Italien: Wichtiger Meilenstein im Kampf gegen Regionalautonomie-Gesetz erreicht

In Italien steht ein Gesetz zur Stärkung regionaler Befugnisse in der Kritik. Nun hat das Justizministerium bekannt gegeben, dass die 500.000 Unterschriften für ein Referendum zur Aufhebung des umstrittenen Calderoli-Gesetzes zusammengekommen sind.

EURACTIV.it
Opposition und Kritiker haben den Gesetzentwurf verurteilt und ihm vorgeworfen, "das Land zu spalten", die Armut im Süden zu verschärfen und die öffentliche Gesundheit, insbesondere in den südlichen Regionen, zu verschlechtern. [EPA-EFE/ALESSANDRO DI MARCO]

In Italien steht ein Gesetz zur Stärkung regionaler Befugnisse in der Kritik. Nun hat das Justizministerium bekannt gegeben, dass die 500.000 Unterschriften für ein Referendum zur Aufhebung des umstrittenen Calderoli-Gesetzes zusammengekommen sind. 

Gemeinsam mit der Demokratischen Partei und der populistischen Fünf-Sterne-Bewegung hat das Grün-Links-Bündnis in den Sommerwochen für das Referendum zur Aufhebung des Gesetzes über die differenzierte regionale Autonomie im Land geworben.

„Dies ist ein außergewöhnliches Ergebnis, wenn man bedenkt, dass die Online-Petition am 26. Juli begann“, sagte Angelo Bonelli, Vorsitzender des Links-Grün-Bündnisses.

Zusätzlich zu den bereits registrierten Unterschriften wurden während der Kampagne in verschiedenen italienischen Städten Hunderttausende weiterer Unterschriften an Ständen gesammelt, die nun durch die Überprüfung der Wahlurkunden validiert werden müssen.

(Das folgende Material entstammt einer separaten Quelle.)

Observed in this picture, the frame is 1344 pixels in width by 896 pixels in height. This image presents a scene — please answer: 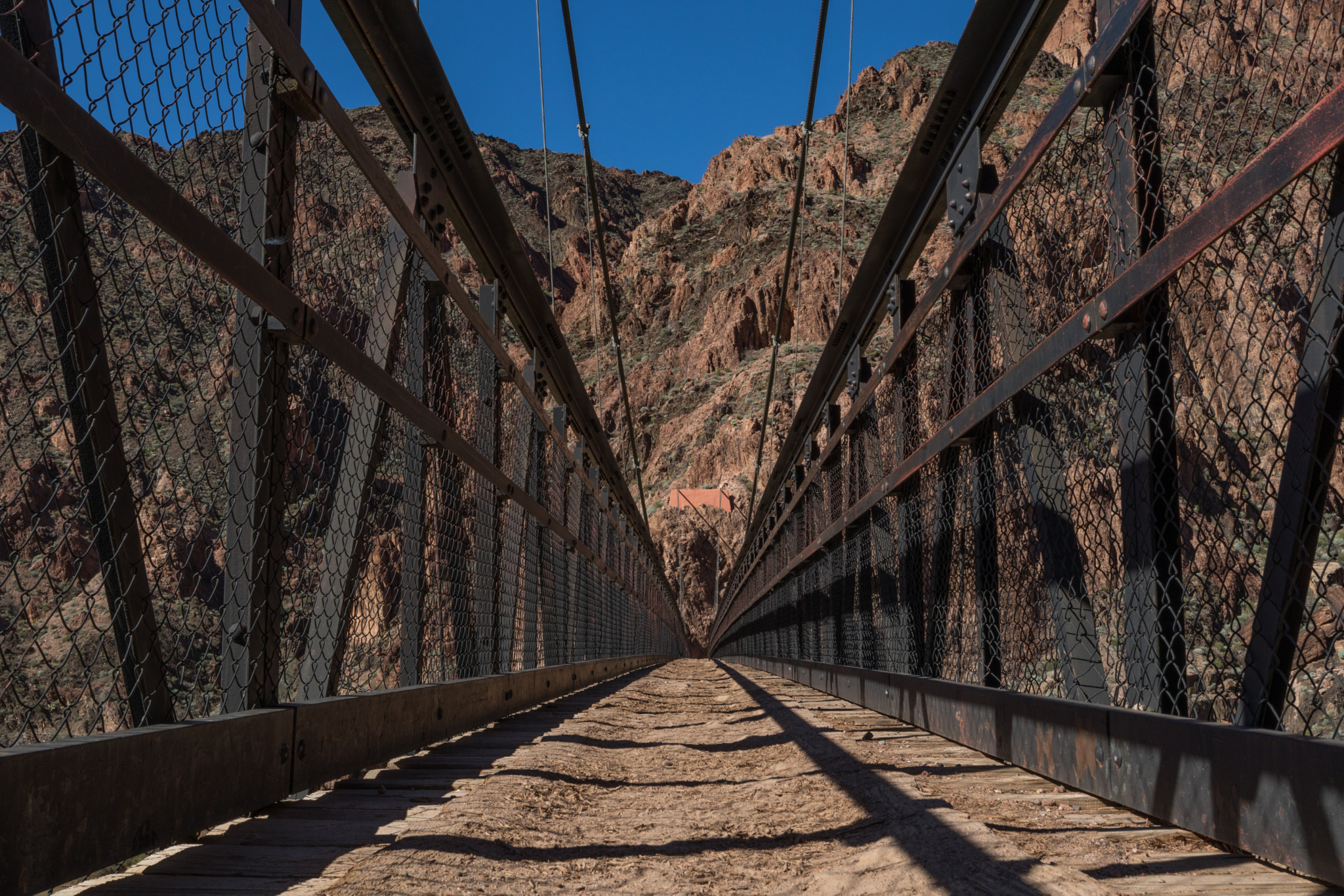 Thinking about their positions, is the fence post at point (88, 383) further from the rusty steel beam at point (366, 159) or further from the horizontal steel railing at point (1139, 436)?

Der am 19. Juni verabschiedete Gesetzentwurf gibt den Regionen mehr Kontrolle darüber, wie ihre Steuereinnahmen erhoben und ausgegeben werden, sowie über öffentliche Dienstleistungen wie Gesundheit und Bildung.

Seit dem ersten Vorschlag der Lega von Matteo Salvini hat die rechtspopulistische Partei eine größere wirtschaftliche Autonomie für die wohlhabenden nördlichen Regionen versprochen.
Die Opposition und Kritiker haben den Gesetzentwurf jedoch verurteilt und ihm vorgeworfen, „das Land zu spalten“, die Armut im Süden zu verschärfen und die öffentliche Gesundheit, insbesondere in den südlichen Regionen, zu verschlechtern.

Kritik wurde auch von der Europäischen Kommission in ihrem Jahresbericht über die Volkswirtschaften geäußert, die feststellte, dass „die Übertragung zusätzlicher Befugnisse auf die italienischen Regionen Risiken für den Zusammenhalt und die öffentlichen Finanzen birgt“. Der Bericht äußerte sich auch besorgt über die regionalen Disparitäten zwischen dem nördlichen Zentrum und dem Süden, die in dem Bericht mehrfach erwähnt werden.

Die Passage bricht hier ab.